4. Cover the mold with aluminum foil and bake in a preheated 370 degress Farenheit oven for about an hour or until  a fork/toothpick comes out clean when you poke it. (The fork method is more reliable, so once you hit the 45 minute mark, check to see if it's done, then add baking time if needed)

5. Remove the mold from the water bath and allow it to cool totally before transporting or eating. (Trust me you do want to see what happens if you don't) When you are ready to eat it, which I hope you are by now, run a knife around the edges of the mold to loosen it up. Place a plate over the mold and turn it upside down. The flan should easily slip out perfectly onto your plate. Enjoy!

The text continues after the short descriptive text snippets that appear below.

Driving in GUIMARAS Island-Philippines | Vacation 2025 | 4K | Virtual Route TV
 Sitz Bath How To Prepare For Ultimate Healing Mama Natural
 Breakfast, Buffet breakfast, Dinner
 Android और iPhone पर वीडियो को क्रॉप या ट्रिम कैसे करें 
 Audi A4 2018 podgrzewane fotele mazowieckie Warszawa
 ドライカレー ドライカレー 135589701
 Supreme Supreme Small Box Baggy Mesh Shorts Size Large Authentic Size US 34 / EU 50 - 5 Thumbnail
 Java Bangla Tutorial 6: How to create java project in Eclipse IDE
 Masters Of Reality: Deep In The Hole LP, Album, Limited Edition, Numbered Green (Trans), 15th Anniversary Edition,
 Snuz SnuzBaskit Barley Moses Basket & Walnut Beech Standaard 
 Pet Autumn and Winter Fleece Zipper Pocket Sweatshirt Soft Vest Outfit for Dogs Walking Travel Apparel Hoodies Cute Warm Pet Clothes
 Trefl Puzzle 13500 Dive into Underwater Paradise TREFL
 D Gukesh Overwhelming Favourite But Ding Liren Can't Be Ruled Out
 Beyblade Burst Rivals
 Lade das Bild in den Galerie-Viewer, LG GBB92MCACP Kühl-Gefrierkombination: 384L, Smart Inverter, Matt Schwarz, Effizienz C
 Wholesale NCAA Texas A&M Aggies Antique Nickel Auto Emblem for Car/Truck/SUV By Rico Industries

*To prevent bubbles from forming in out flan, we want to stir it slowly. We want a smooth and creamy leche flan, so bubbles are a no no.
*I prefer the traditional flanera, but I have a friend who has used a large ceramic container. She said it still worked. Whichever mold you choose, make sure you have a bigger container you can use for a water bath. *Straining the mixture into the mold removes all the other egg parts that just won't mix into the mixture.

PS. A friend of mine told me that she hated flan...that was until she tasted this flan. Now, the moment I say I'm going to make some, she just appears out of nowhere ready to eat this.





Picnic which my Leche Flan. The only problem with it was that there was too much syrup...though I know a few people who had absolutely no problem with that.